* [Assignment]
Among the records that follow, set down only the lines from the one containing "TOFİSA Jeansy Dzwony Ice Blue - Kobieta - 46" to the one containing "اظهارت تند پزشکیان", both included, exactly.

* [Source material]
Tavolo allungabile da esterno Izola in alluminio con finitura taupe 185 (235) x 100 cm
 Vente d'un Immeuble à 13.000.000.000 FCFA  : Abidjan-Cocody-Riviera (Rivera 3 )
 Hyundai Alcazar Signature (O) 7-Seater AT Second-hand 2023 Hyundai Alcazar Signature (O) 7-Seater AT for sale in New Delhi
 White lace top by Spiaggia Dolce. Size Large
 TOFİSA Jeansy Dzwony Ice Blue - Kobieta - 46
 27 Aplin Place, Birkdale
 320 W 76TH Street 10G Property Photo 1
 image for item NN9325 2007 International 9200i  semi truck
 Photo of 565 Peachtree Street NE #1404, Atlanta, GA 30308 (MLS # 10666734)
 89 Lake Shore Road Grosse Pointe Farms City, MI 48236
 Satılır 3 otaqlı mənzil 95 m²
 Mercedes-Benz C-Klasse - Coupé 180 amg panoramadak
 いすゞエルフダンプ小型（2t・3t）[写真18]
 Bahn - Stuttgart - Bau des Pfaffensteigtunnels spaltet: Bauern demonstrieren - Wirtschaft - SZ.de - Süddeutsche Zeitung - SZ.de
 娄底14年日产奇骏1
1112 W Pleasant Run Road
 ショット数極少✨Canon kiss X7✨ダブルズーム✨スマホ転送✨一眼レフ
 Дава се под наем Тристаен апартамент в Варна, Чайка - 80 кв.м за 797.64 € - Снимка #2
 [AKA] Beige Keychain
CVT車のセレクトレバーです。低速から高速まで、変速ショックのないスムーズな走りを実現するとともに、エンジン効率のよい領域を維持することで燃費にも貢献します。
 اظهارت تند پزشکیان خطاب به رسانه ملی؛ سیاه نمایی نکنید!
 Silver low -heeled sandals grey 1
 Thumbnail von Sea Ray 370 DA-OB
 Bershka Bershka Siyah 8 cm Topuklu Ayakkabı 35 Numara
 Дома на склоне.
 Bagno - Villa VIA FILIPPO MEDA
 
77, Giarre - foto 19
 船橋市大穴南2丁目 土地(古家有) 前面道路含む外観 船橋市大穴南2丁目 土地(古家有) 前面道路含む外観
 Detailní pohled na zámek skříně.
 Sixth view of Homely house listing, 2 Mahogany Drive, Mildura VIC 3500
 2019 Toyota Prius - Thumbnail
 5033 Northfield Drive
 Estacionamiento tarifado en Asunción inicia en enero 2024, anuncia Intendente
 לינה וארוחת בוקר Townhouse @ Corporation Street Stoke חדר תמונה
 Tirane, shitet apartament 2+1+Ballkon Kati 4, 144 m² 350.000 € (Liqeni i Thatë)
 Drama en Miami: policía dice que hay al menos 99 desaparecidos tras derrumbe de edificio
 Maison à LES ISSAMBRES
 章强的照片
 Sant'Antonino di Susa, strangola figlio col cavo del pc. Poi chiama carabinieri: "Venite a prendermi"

* [Solution to the problem]
 TOFİSA Jeansy Dzwony Ice Blue - Kobieta - 46
 27 Aplin Place, Birkdale
 320 W 76TH Street 10G Property Photo 1
 image for item NN9325 2007 International 9200i  semi truck
 Photo of 565 Peachtree Street NE #1404, Atlanta, GA 30308 (MLS # 10666734)
 89 Lake Shore Road Grosse Pointe Farms City, MI 48236
 Satılır 3 otaqlı mənzil 95 m²
 Mercedes-Benz C-Klasse - Coupé 180 amg panoramadak
 いすゞエルフダンプ小型（2t・3t）[写真18]
 Bahn - Stuttgart - Bau des Pfaffensteigtunnels spaltet: Bauern demonstrieren - Wirtschaft - SZ.de - Süddeutsche Zeitung - SZ.de
 娄底14年日产奇骏1
1112 W Pleasant Run Road
 ショット数極少✨Canon kiss X7✨ダブルズーム✨スマホ転送✨一眼レフ
 Дава се под наем Тристаен апартамент в Варна, Чайка - 80 кв.м за 797.64 € - Снимка #2
 [AKA] Beige Keychain
CVT車のセレクトレバーです。低速から高速まで、変速ショックのないスムーズな走りを実現するとともに、エンジン効率のよい領域を維持することで燃費にも貢献します。
 اظهارت تند پزشکیان خطاب به رسانه ملی؛ سیاه نمایی نکنید!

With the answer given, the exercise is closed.